LONDRES : De nombreux artistes voient dans le montage final d'une exposition, le couronnement de plusieurs mois ou années de travail – pour plusieurs, c’est le moment où leur implication dans le processus artistique prend fin.
Mais pour l'artiste égyptienne Heba Amin, en dévoilant sa première exposition individuelle au Royaume-Uni, son travail ne fait que commencer. L'exposition intitulée « When I see the future, I close my eyes » (Quand je vois l'avenir, je ferme les yeux) se tient jusqu'à la fin mars 2021 à la galerie Mosaic Rooms à Londres.

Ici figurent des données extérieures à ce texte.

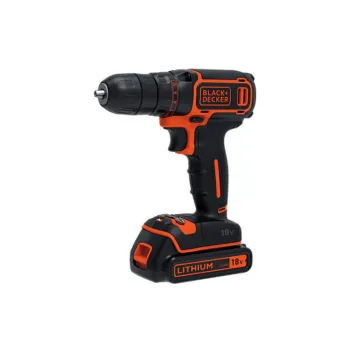 Дриль-шуруповерт Black+Decker, Black (BDCDC18B)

Elle comprend une série de projets en cours qui présentent le regard de l'artiste, basée à Berlin, sur la manière dont la technologie s'engage dans la société au sens politique et géographique.

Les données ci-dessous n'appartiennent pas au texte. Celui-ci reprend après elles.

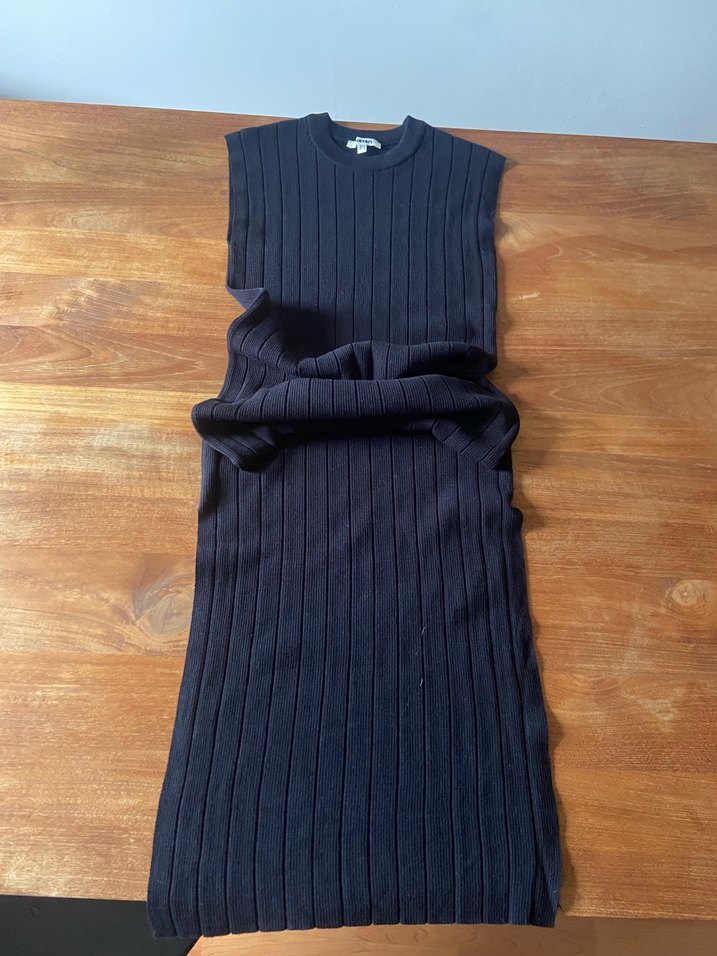 Siyah Yün Triko Elbise - Görsel 2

« L'aspect le plus passionnant de cette exposition est que le conservateur d’art Anthony Downey et moi-même explorons comment nous servir de l'exposition pour développer des connaissances, en coopérant avec les autres. Mon travail est très intense en matière de recherche et nécessite une collaboration quant à la manière dont j'exploite le matériel » explique Mme Amin à Arab News. « Comment alors créer de nouveaux contenus, en mettant en avant des questions ou des idées qui seront développées tout au long de l'exposition, plutôt que de les présenter dans un format statique et fini » ?

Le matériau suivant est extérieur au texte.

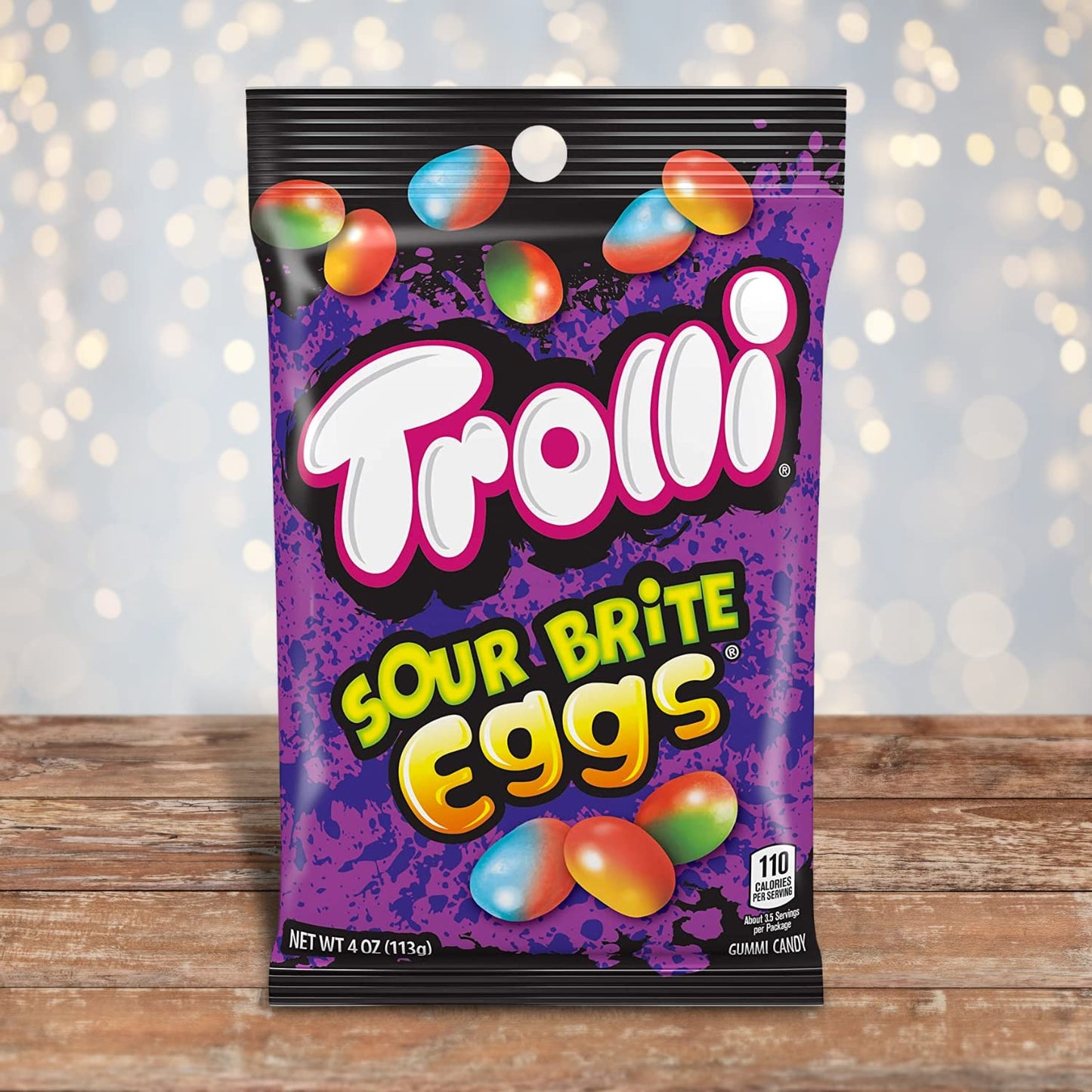 Sour Brite Eggs Chewy Gummy with Candy Shell Unique Novelty Jelly Beans Bulk Candies for Easter and Parties Pack of 3 4 Ounces Sour Brite Eggs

Sa première exposition individuelle au Royaume-Uni, « When I see the future, I close my eyes» (Quand je vois l'avenir, je ferme les yeux), se tient à la galerie Mosaic Rooms à Londres jusqu'en mars 2021. (Photo fournie)
Les œuvres de Heba Amin sont connues pour les recherches approfondies et détaillées portant sur la manière dont la société contemporaine utilise les outils technologiques ainsi que sur l'évolution des hiérarchies et des dynamiques de pouvoir qui y sont associées, en particulier au Moyen-Orient. L’exposition « When I see the future... » était prévue pour le mois de mai 2020 et constitue le noyau d'un vaste programme d'événements, qui se dérouleront au cours des six prochains mois.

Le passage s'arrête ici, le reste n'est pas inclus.